Figures released by the Department show that the site, which tracks the average weekly beef prices paid by the country's 24 beef exporting factories, received 16,237 'hits' since going live.
The setting up of the information site was one of the recommendations to emerge from the round-table discussions on the beef crisis which was convened by the Minister for Agriculture, Simon Coveney.
He said the service would deliver greater transparency of beef prices and marked a milestone in the list of commitments from the talks.
However, Eddie Punch of the ICSA said that while he was impressed by the number of 'hits' the site had received, he was unimpressed by its content.

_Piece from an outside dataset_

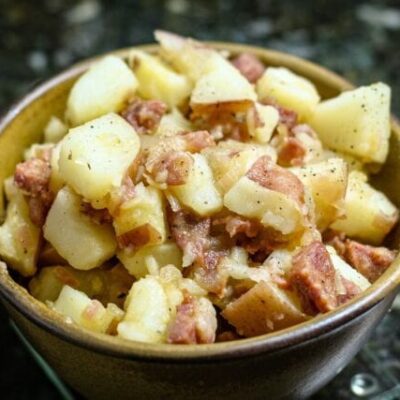 warm potato salad with sausage in a bowl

"The site only gives the average price paid for the various grades paid by individual meat factories but not the lowest or highest price paid by the factories,'' Mr Punch said.
"After reading all the average prices from all the factories across the country on this site, all you are really ready for is bed,'' he added.
Various beef farming sources also wondered about the omission of the highest and lowest prices paid by the factories.
The IFA also called for greater transparency in the beef prices logged on the Department of Agriculture's beef app.
"The missing link in the supply chain is wholesale price or the prices for which the factories sell beef products to the retailers," said Henry Burns, IFA livestock chairman.
"IFA has asked Minister Coveney and Bord Bia to supply these prices in order that there can be price transparency in the supply chain," added Mr Burns.